PS... DCBluesman had the speedball nibs which are prefect for this!


----------



## its_virgil (Jan 20, 2009)

If you want to make a dip pen you'll find an article on one way to make on here: http://www.RedRiverPens.com/articles
Do a good turn daily!
Don


mywoodshopca said:


> I have a friend who is looking for a fountian pen for Calligraphy. What is a good kit to get for this? This will be a freebie and I am on a budget :wink:


----------



## wdcav1952 (Jan 20, 2009)

I bought a caligraphy kit from Michaels or AC Moore with a selection of Speedball nibs.  I had some inserts to hold the nibs, and turned this to use with the nibs.


----------



## johncrane (Jan 20, 2009)

Cav do you remember where you got the inserts.


----------



## wdcav1952 (Jan 21, 2009)

John, Lou (DCBluesman) carries them.  Touch base with him as he has them on one of his sites.


----------



## mywoodshopca (Jan 21, 2009)

Thanks everyone!


----------



## bjackman (Jan 21, 2009)

CSU has a calligraphy nib that works with any of the kits using the smaller size nibs.

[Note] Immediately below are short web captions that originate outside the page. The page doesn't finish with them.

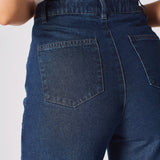A zoomed in shot of the rear pockets and stitching on the blue high waisted wide leg cargo denim jeans.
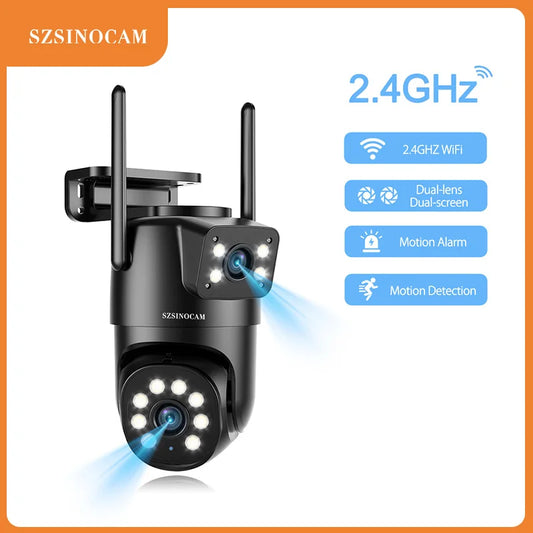 SZSINOCAM Wifi Camera with Dual Lens Dual Screens AI Human Detection Wireless Outdoor CCTV Security IP Camera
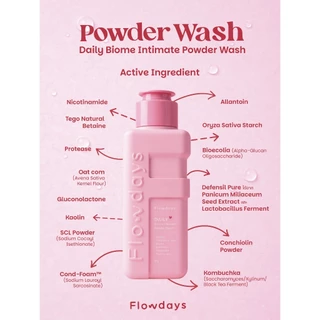 Flowdays Powder Wash ผลิตภัณฑ์ดูแลจุดซ่อนเร้นแบบผง ฟองนุ่มละเอียด สูตรอ่อนโยน ไม่มีน้ำหอม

I think it is about $5


----------



## mywoodshopca (Jan 21, 2009)

bjackman said:


> CSU has a calligraphy nib that works with any of the kits using the smaller size nibs. I think it is about $5


 

Thanks Bill. I will check them out


----------



## johncrane (Jan 21, 2009)

Thanks Cav! l was going to make just the wood handles and drill a hole l also got some new art brushes but the glue they used to hold brush part is much stronger than you think l bent the metal holder part.thanks again Cav!


----------



## titan2 (Jan 26, 2009)

johncrane said:


> Cav do you remember where you got the inserts.


 
I have them also.....PM me with what you want and I'll get back with you!


Barney :bananen_smilies022:


----------



## sparhawk (Jan 26, 2009)

I bought a friend a round top european fountain pen last year.Then i bought a set of calligraphy nibs(in a set with the pen body ) from Michaels. My daughter works there and i had her check to see if the nibs(screw in part and all) would fit and it did. Think it was a Manuscript brand.


----------



## mywoodshopca (Jan 26, 2009)

sparhawk said:


> I bought a friend a round top european fountain pen last year.Then i bought a set of calligraphy nibs(in a set with the pen body ) from Michaels. My daughter works there and i had her check to see if the nibs(screw in part and all) would fit and it did. Think it was a Manuscript brand.


 

Thanks!  will check it out


----------